Top 5 Family Fuel Sippers for 2011
We will focus on family cars (those that seat at least four) and on vehicles that will be available in mass-produced numbers and that aren't limited by small production or regional releases. So vehicles that would otherwise likely top our list, like the Nissan Leaf and the Chevrolet Volt, will not be here. The aim of this list is to give you an idea of what's available to you right now, no matter which part of the U.S. you live in. All models listed are 2011 models and mileage numbers are from the EPA.
Ford Fusion and Mercury Milan Hybrids, 41/36
These two cars are both made by Ford and have the same configuration with only minor brand details and some cosmetic differences between them. They get 41mpg in the city and 36mpg highway. For those with a luxury bent, the Ford Lincoln MKZ Hybrid also has the same mileage numbers, but in a luxury vehicle package. It should be noted that there is no "hybrid premium" for the MKZ, which sells for the same price as the standard gasoline-only version.
The Fusion Hybrid has an MSRP of $28,100 with a large package of goodies including eco-friendly cloth seating and Ford's SmartGauge Cluster. The Milan has a similar price at $28,345 MSRP.
Toyota Camry Hybrid, 31/35
This car is larger than the popular Prius hybrid, though it doesn't get the mileage the Prius is capable of (51/48 estimated), but 31 in the city and 35 on the highway is not too shabby. For comparison, the base model Camry is $7,000 cheaper and gets 22/33.
The Camry Hybrid has an MSRP of $26,575 and comes with several features such as solar energy absorbing glass and a noise-reducing windshield.
Volkswagen Golf and Jetta TDI, 30/42
These two models from GW both come with a TDI diesel engine available. Mileage is 30mpg in the city and 42 on the highway in either automatic or manual transmission (both 6-speed) and with the extremely low-emissions diesel packaged in a 4cyl 2.0L block. The Jetta SportWagon gets 30/42 as well, so is also worth looking at if you'd rather have a wagon.

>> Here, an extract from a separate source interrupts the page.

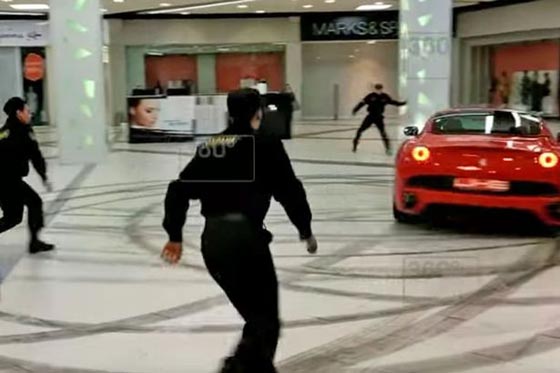 بالفيديو والصور.. سيارة فيراري تقتحم مركزا تجاريا صورة رقم 4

Both the Jetta and the Golf have similar prices, starting at $22,300 MSRP for the TDI. The Jetta SportWagon starts at $24,615. The Golf is a compact car, but is listed here because it is comparable to the Jetta in mileage and price.
Audi A3 TDI 30/42
Another German make, the Audi A3 gets 30mpg city and 42 highway with that company's 4 cylinder, 2.0L TDI diesel engine in 6-speed automatic. This is a popular hatchback that comes in a 4-door model that is nearly a compact in size.
This is the highest-priced car on our list here, but is also the only car that is considered a luxury vehicle ("entry-level luxury" is the official segment). The base price for the TDI option is about $30,000, but the A3 comes with all of the luxury options most would expect from a car in this segment.
Hyundai Sonata 24/35
The fastest-growing vehicle maker in the world, Hyundai is the little Korean company that could. This year's Sonata gets 24mpg in the city and an impressive 35mpg on the highway. There is a hybrid version of this car, but it is not yet widely available.
This is the lowest-priced vehicle on our list at only $19,195 MSRP, base. It uses a GDI engine, standard, and has a comparatively large trunk.
Some things to consider:
Before you settle on a car of choice, you should consider your lifestyle and driving habits. If you drive mainly on surface streets, then city mileage numbers should matter most and you'll likely find the best options to be hybrids. If most of your driving, however, is at highway speeds (55+), then you will need to consider highway mileage and a hybrid is probably your worst option, although the Ford hybrids are giving impressive highway numbers.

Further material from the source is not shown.